Tally the lines of the listing that contain the word "Light", then give the total and nothing else.

..........

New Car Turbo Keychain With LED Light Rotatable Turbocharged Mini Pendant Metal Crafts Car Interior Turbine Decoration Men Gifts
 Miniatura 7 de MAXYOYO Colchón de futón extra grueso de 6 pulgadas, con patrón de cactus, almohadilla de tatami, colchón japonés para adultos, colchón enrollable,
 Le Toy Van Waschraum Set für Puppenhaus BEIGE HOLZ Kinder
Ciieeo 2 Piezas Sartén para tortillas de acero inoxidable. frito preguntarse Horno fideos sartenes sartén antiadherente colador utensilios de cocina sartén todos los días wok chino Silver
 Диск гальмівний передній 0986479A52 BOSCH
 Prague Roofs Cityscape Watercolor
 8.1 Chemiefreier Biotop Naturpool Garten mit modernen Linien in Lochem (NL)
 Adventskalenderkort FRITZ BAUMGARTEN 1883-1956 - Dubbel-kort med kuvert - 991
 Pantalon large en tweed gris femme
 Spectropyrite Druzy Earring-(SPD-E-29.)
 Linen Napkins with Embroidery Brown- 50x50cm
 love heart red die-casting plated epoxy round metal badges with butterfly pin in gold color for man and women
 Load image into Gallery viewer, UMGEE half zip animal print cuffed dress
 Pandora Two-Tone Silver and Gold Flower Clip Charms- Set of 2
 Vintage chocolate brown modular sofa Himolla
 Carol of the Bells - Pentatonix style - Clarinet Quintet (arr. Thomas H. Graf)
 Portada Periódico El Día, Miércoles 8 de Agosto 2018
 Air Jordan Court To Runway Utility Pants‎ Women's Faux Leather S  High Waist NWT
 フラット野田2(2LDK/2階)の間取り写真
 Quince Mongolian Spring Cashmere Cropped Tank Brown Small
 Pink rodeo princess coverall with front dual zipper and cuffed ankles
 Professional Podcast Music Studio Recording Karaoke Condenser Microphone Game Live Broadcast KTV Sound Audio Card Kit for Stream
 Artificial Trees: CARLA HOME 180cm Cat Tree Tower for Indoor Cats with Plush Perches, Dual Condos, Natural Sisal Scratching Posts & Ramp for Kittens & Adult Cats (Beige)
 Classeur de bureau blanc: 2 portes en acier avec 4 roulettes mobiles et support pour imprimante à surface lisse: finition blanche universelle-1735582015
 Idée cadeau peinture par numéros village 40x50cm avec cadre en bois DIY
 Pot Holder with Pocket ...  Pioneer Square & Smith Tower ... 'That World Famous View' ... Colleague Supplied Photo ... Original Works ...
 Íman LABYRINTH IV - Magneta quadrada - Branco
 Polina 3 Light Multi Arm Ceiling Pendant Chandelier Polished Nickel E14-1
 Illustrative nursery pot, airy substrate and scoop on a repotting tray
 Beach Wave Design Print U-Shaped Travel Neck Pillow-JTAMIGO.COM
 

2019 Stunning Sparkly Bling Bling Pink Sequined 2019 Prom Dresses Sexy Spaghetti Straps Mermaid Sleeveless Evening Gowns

..........

▶ **Answer space**
2